The pictures in the listing below are to be skipped, while the lines between the line holding "前歯のガタガタをなおしたい　インビザラインでのマウスピース矯正治療 治療後画像" and the line holding "فیستول مقعدی", inclusive, are to be output exactly.
+++ Provided information +++
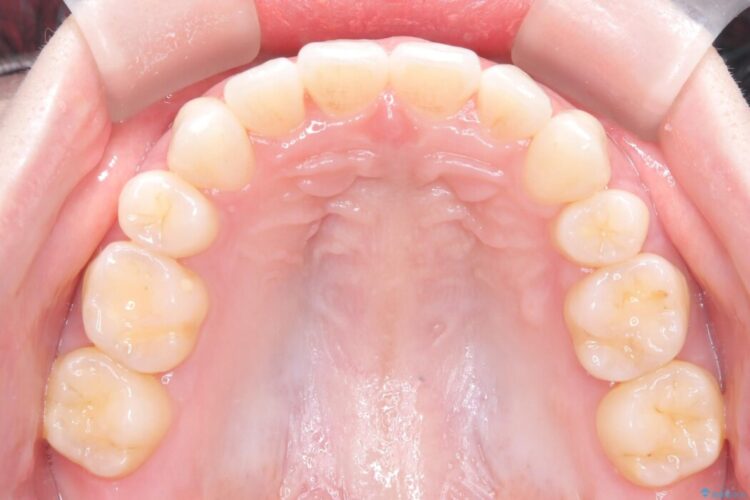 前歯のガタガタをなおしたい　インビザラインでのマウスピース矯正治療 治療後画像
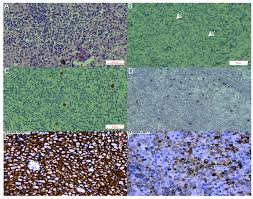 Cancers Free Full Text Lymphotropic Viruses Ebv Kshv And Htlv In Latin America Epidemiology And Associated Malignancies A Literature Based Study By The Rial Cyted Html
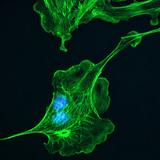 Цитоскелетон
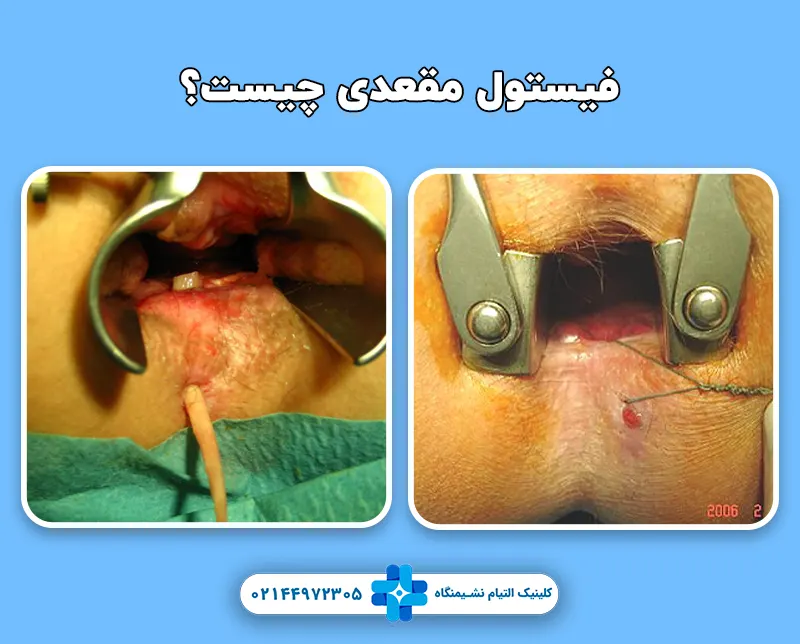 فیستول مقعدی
+++
+++ Provided information +++
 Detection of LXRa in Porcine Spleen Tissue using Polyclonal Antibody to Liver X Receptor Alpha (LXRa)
+++
# Task result:
 前歯のガタガタをなおしたい　インビザラインでのマウスピース矯正治療 治療後画像
 Cancers Free Full Text Lymphotropic Viruses Ebv Kshv And Htlv In Latin America Epidemiology And Associated Malignancies A Literature Based Study By The Rial Cyted Html
 Цитоскелетон
 فیستول مقعدی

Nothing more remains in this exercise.